Educause Security Discussion mailing list archives

Re: Current Best Practice regarding Password Change policy


From: "Doty, Timothy T." <tdoty () MST EDU>
Date: Fri, 24 Sep 2010 15:16:05 -0500

First, I want to emphasize that I agree with a lot of what you say, but there are two points I would like to respond in 
counter to.

You start with “I want a balanced security policy that protects my organization and does not itself become the greater 
threat” (well put). Interestingly, a charge levied by critics of periodic password changes is that it *does* weaken 
overall security. Your discussion never mentions this possibility as being evaluated, but instead appears to use the 
argument that “while it does not address a particular security concern, but it does address another.”

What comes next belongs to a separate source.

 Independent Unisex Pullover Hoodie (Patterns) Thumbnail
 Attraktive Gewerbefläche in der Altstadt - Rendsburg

That is well and good (and I think it is important to not get stuck on requiring complete solutions or endlessly 
debating the incremental gain/loss of particular methods), but the argument-by-analogy doesn’t work when the things 
being discussed are not analogous. You compare a password to a physical key used to access a house with live in guests. 
There are two critical differences: 1) the key is physical, passwords are not and 2) the key (encoding) is shared, 
(most) passwords are not/should not be.

Physical: a key is a token. A user doesn’t care about the encoding it represents, they present the token and are 
granted access. One way to improve the security of a lock is to increase the number of “bits” used to open it. It makes 
the key a little longer, but it is still just a key. A user *does* care about a password – they have to remember it. 
The “encoding” becomes very significant and if you increase the security by extending the number of characters it 
(generically) becomes harder to remember. Another difference is that a key, being physical, becomes clear at some point 
that it is lost. A password is “lost” when the user forgets it, but it can be exposed/compromised/what have you without 
any clear way to tell that someone else has knowledge of it and can use it to gain unauthorized access.

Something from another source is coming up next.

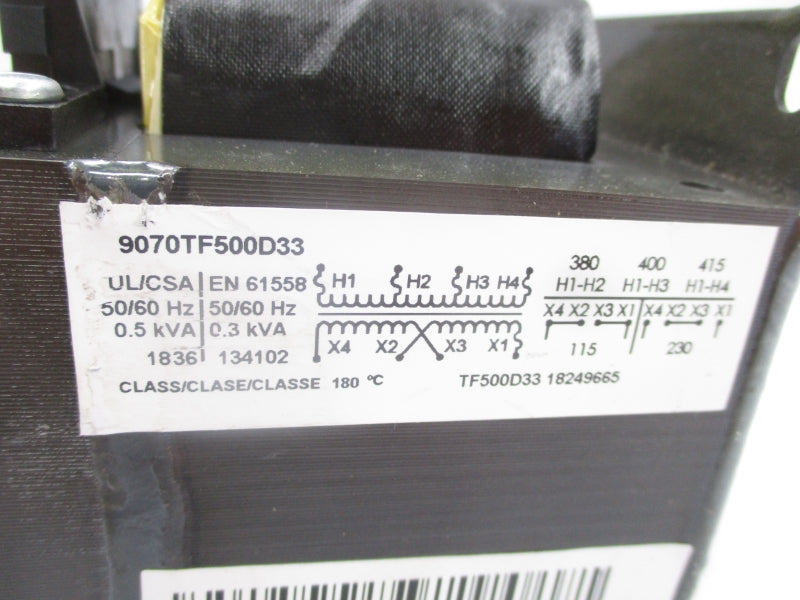 SQUARE D 9070TF500D33 415V NSNP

Shared: I’m not aware of people with shared living arrangements* who preventively have their lock re-keyed every month, 
six months, year or in fact on any periodic basis. Locks are typically changed when a person leaves or a key is lost 
(if then)**. Shared passwords are generally not a good idea, but they happen for a variety of reasons. When a person 
with knowledge of the shared password leaves the shared password should be changed. But in the typical case where the 
password is not shared the use-case of change-with-personnel is not relevant.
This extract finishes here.